- [WHAT THE TASK ASKS]:
Beginning with the line that contains "Epson EcoTank ET-14000, Imprimante", print each line to the end of the data exactly. Omit the pictures.

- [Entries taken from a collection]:

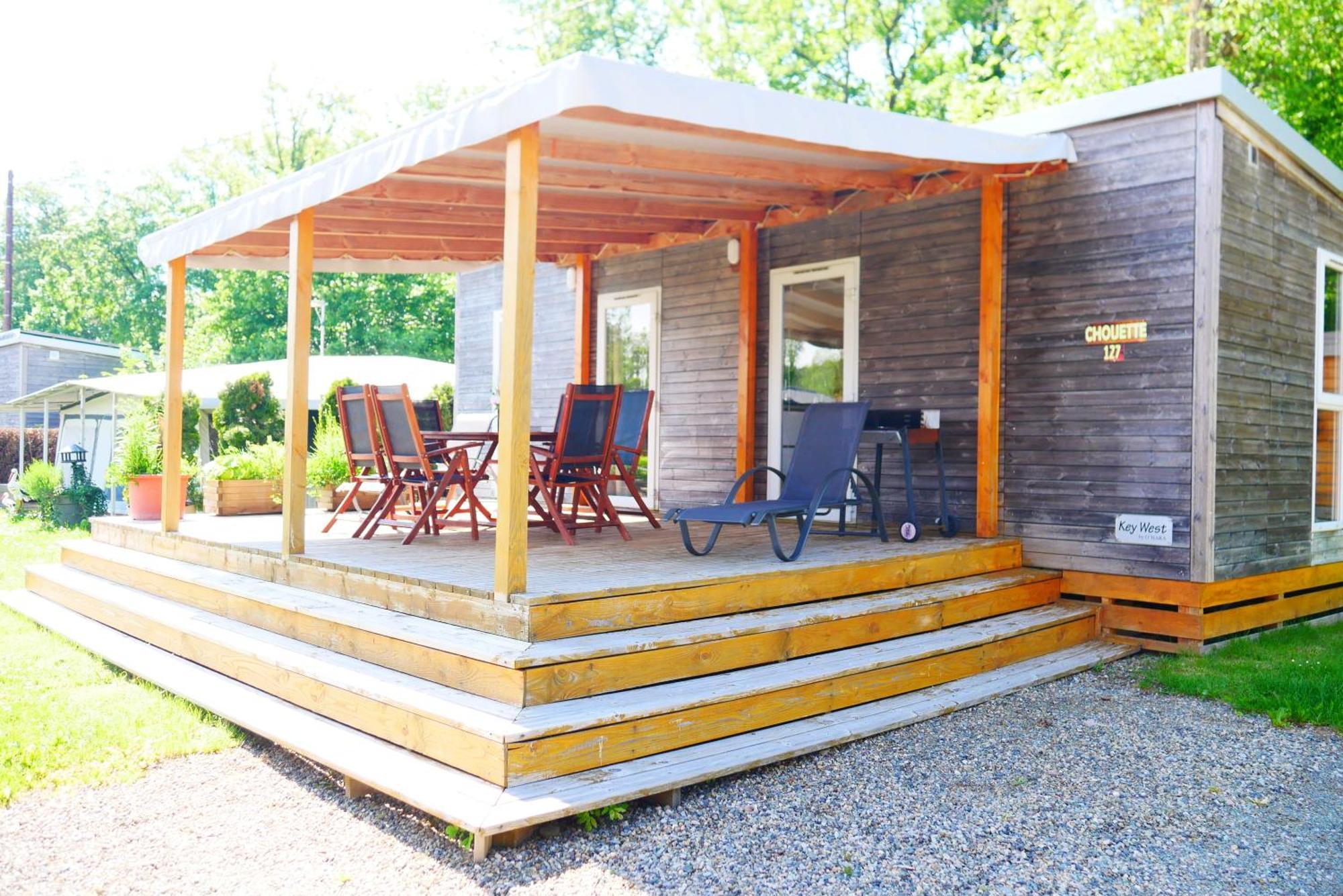 Camping Alsace Les Castors Burnhaupt-le-Haut Exterior foto
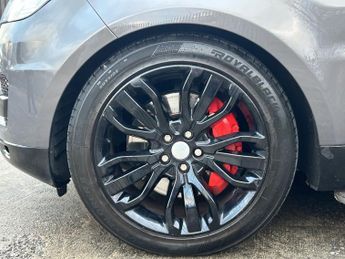 LAND ROVER RANGE ROVER SPORT 3.0 SDV6 HSE 5DR Automatic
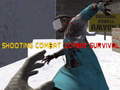 Mäng Shooting Combat Zombie Survival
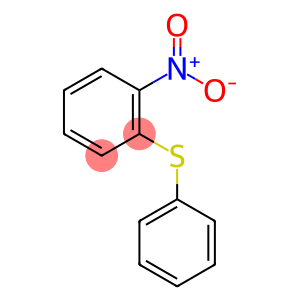 o-Nitrophenyl phenyl sulfide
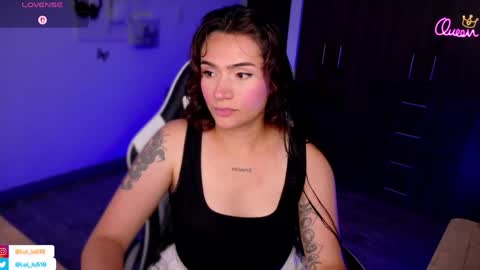 Luisa    online show from 04/18/26, 12:03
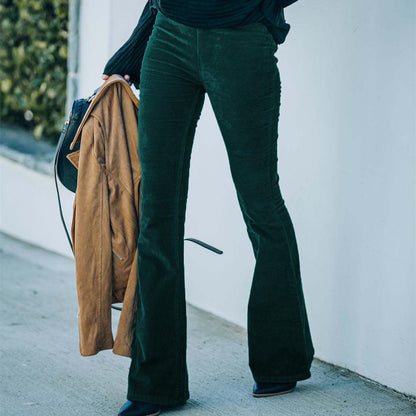 Fantastic High Waist Slim Fit Pants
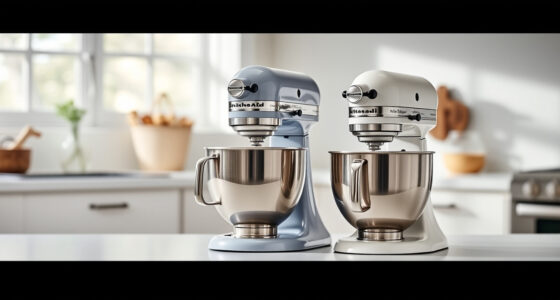 Best KitchenAid Stand Mixer for Large Batches (2026) — Guide 22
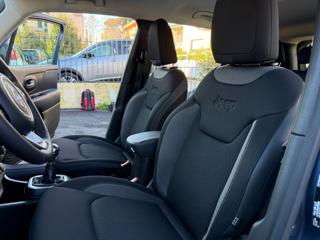 JEEP Renegade usata, con Boardcomputer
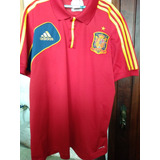 Camisa Polo Da Espanha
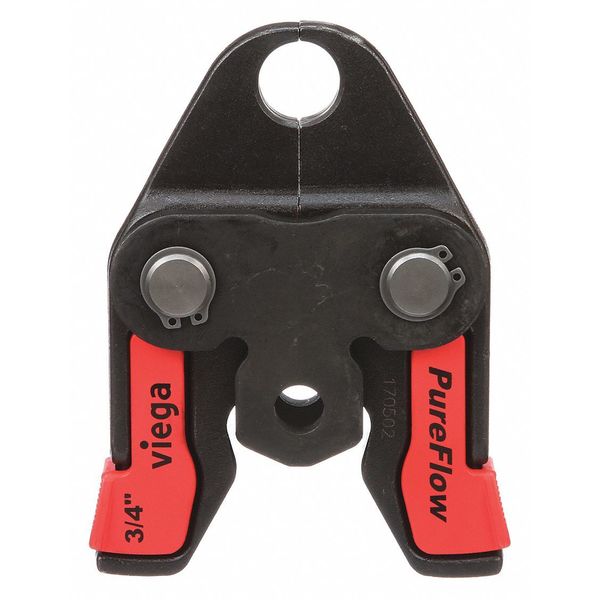 PEX Crimp Jaw, Standard, 3/4 In Pipe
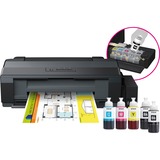 Epson EcoTank ET-14000, Imprimante jet d'encre Noir, Couleur, 5760 x 1440 DPI, 4, A3+, 30 ppm, Impression recto-verso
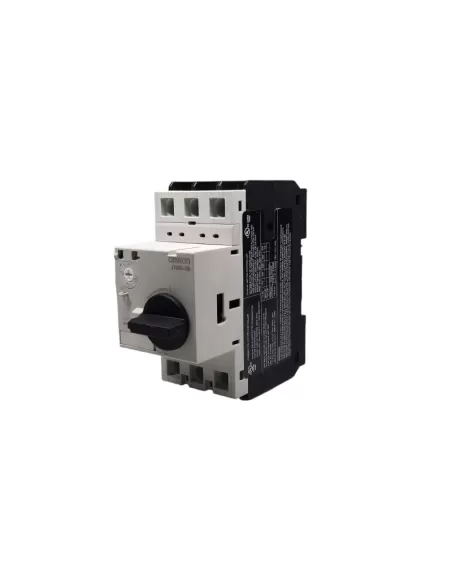 Omron j7mn3r1-23429500 motor protection circuit breaker 0.63 1a 400v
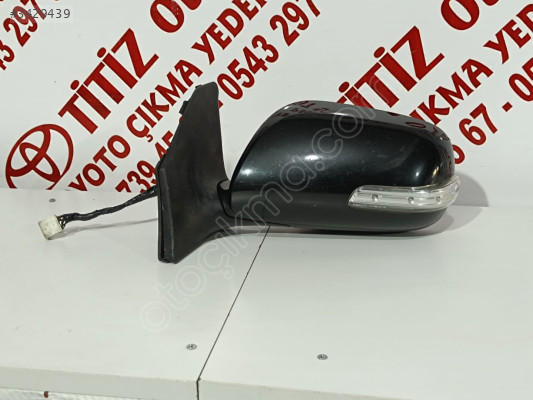 TOYOTA COROLLA 2011/2013 SOO AYNA KOMPLE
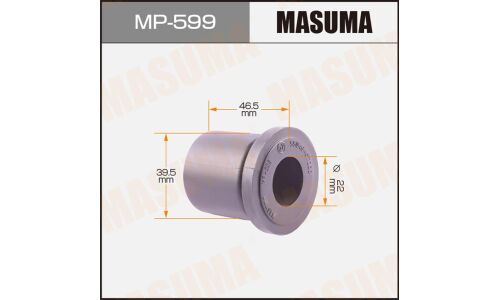 Втулка стабилизатора Masuma, арт. MP-599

- [RESULT OF THIS EXERCISE]:
 Epson EcoTank ET-14000, Imprimante jet d'encre Noir, Couleur, 5760 x 1440 DPI, 4, A3+, 30 ppm, Impression recto-verso
 Omron j7mn3r1-23429500 motor protection circuit breaker 0.63 1a 400v
 TOYOTA COROLLA 2011/2013 SOO AYNA KOMPLE
 Втулка стабилизатора Masuma, арт. MP-599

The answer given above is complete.